▶ [Task goal]:
Having located "สวัสดีฤดูหนาว，Hello Winter Sign PNG" in the listing below, write out its line and every following line exactly, last line included, without the pictures.

▶ [The data]:
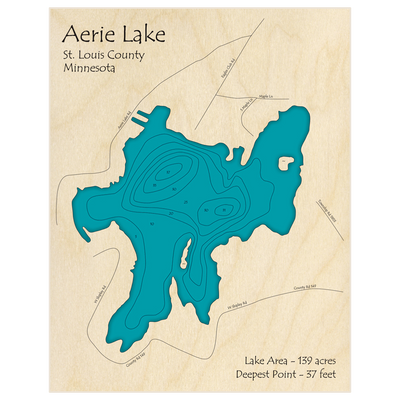 Bathymetric topo map of Aerie Lake with roads, towns and depths noted in blue water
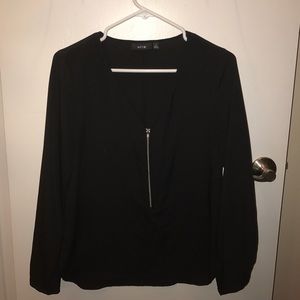 Long sleeve Blouse with front zipper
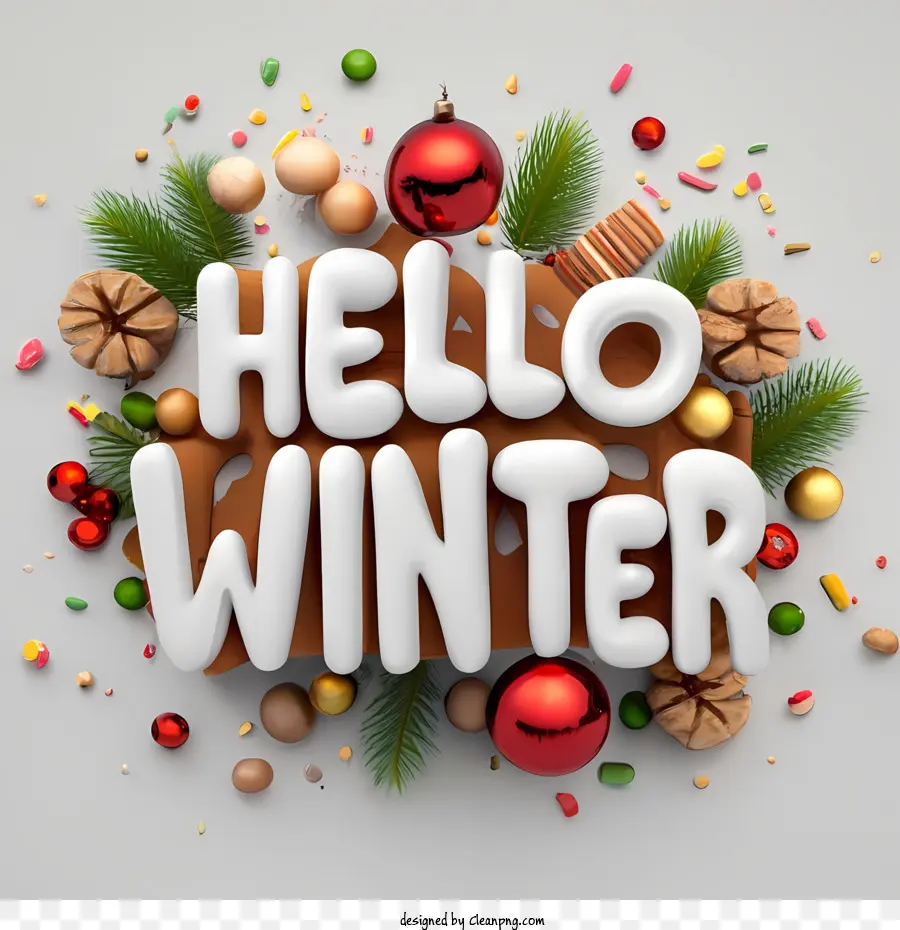 สวัสดีฤดูหนาว，Hello Winter Sign PNG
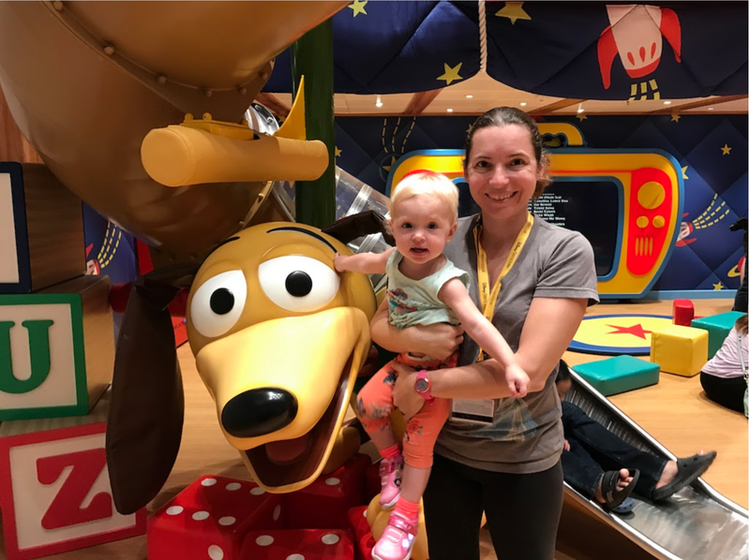 Mia and Kati at the kids club on the Disney Cruise Line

▶ [Task solution]:
 สวัสดีฤดูหนาว，Hello Winter Sign PNG
 Mia and Kati at the kids club on the Disney Cruise Line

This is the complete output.